Dr. Deborah Birx, who is coordinating the federal response to the virus, on Tuesday called for the "army of millennials" to lead the charge in fighting back against the coronavirus.
Birx told ABC's "Good Morning America" that the nation needs millennials out doing everything they can, including staying home from bars, to protect themselves from getting infected but also safeguarding their parents and grandparents. She said most millennials who get infected will have mild symptoms and are not as at risk as older Americans. Millennials, a term referring to those born in the 1980s to early 1990s, also tend to be good at networking and sharing information, Birx said.
Trump's tone Tuesday was far less optimistic than his earlier predictions, when he insisted it could be over in weeks.
His admission that the outbreak may send the economy into a recession was startling for Trump, who for two weeks had struck a discordantly optimistic tone about the pandemic that endangered his presidency. This week, that upbeat demeanor was gone as he acknowledged the virus was "not under control" in the United States or globally.
First lady Melania Trump took to Twitter to urge Americans to consider "taking advantage of time working from home to connect with your loved ones via email or FaceTime."
Trump's daughter Ivanka posted a photo on Twitter of a makeshift tent built with bed sheets to allow her and her young children to "camp out" in the living room. She urged others to share indoor activities that home-bound parents can do with their children, many home due to school closings.
The expansive guidelines were issued on a day of fast-moving developments in a capital resplendent in cherry blossoms but awash in anxiety.
Senate Majority Leader Mitch McConnell said the upper chamber would stay in session until an aid package was passed. The Supreme Court said it is postponing arguments for late March and early April because of the coronavirus, including a round over subpoenas for Trump's financial records. The last time oral arguments were postponed was in 1918, due to the Spanish flu epidemic.
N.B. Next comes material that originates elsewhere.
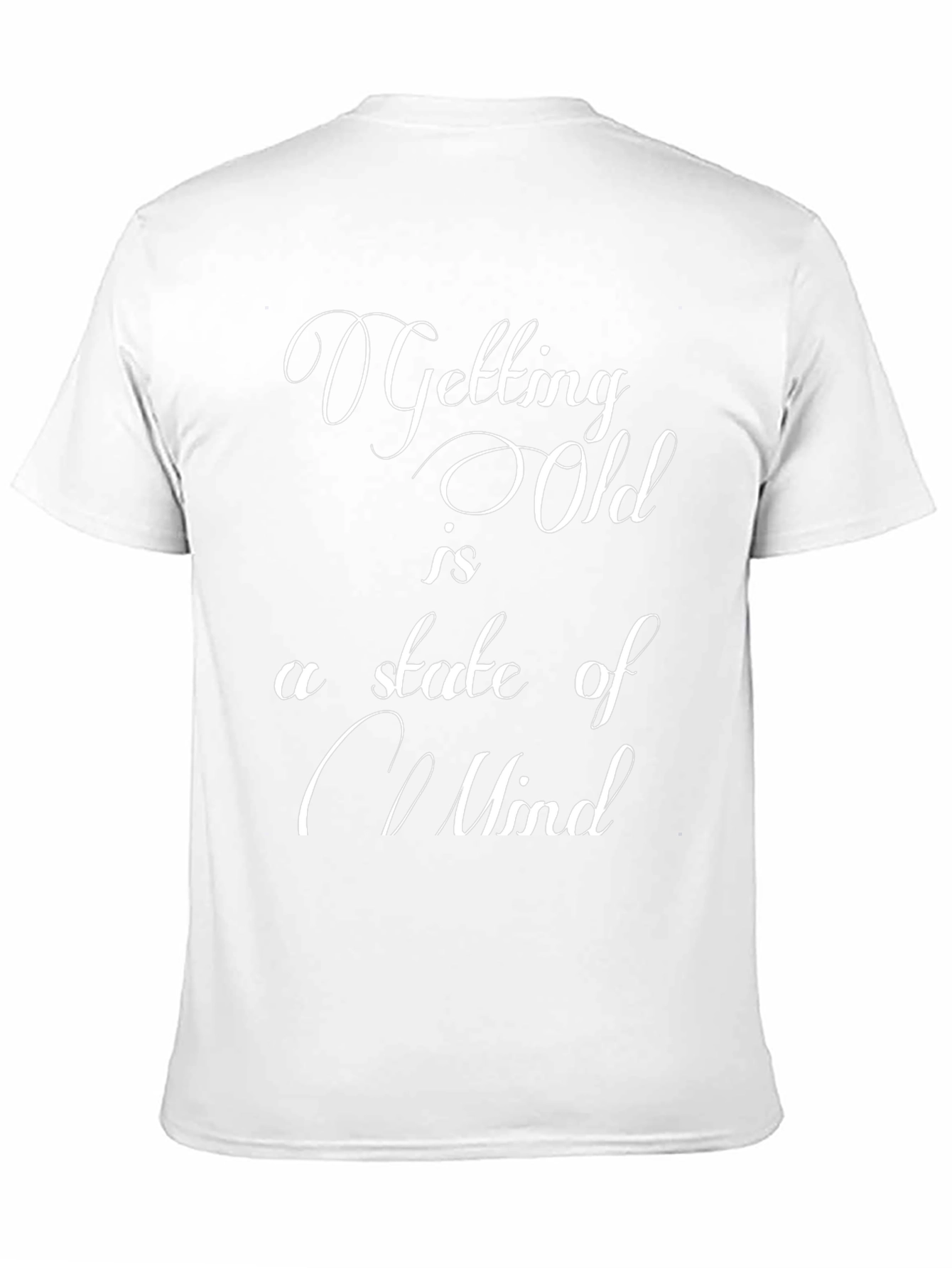 Getting Old is a State of Mind Graphic T-Shirt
In 2001, they were relocated, but not postponed, after an anthrax scare.
Within the White House, the pandemic altered daily life.
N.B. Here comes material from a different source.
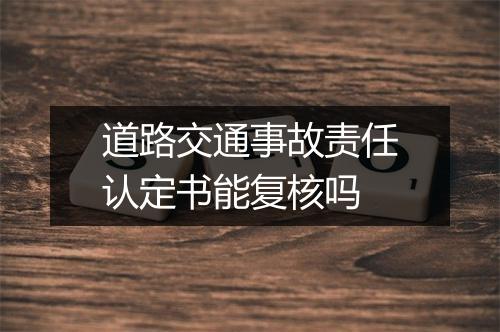 道路交通事故责任认定书能复核吗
Everyone who entered the complex was screened for a fever, and reporters were spaced out in the briefing room to reduce the chance of spreading the virus. And the outgoing acting chief of staff, Mick Mulvaney, isolated himself in South Carolina as his niece, who had flu-like symptoms and lives with him in Washington, awaited test results to see whether she has the virus. Mulvaney has tested negative but was isolating himself "out of an abundance of caution due to his proximity to the President," White House press secretary Stephanie Grisham said.
For most people, the new coronavirus causes only mild or moderate symptoms, such as fever and cough. For some, especially older adults and people with existing health problems, it can cause more severe illness, including pneumonia.
The vast majority of people recover. According to the World Health Organization, people with mild illness recover in about two weeks, while those with more severe illness may take three weeks to six weeks to recover.
The worldwide outbreak has sickened more than 185,000 people and killed more than 7,300.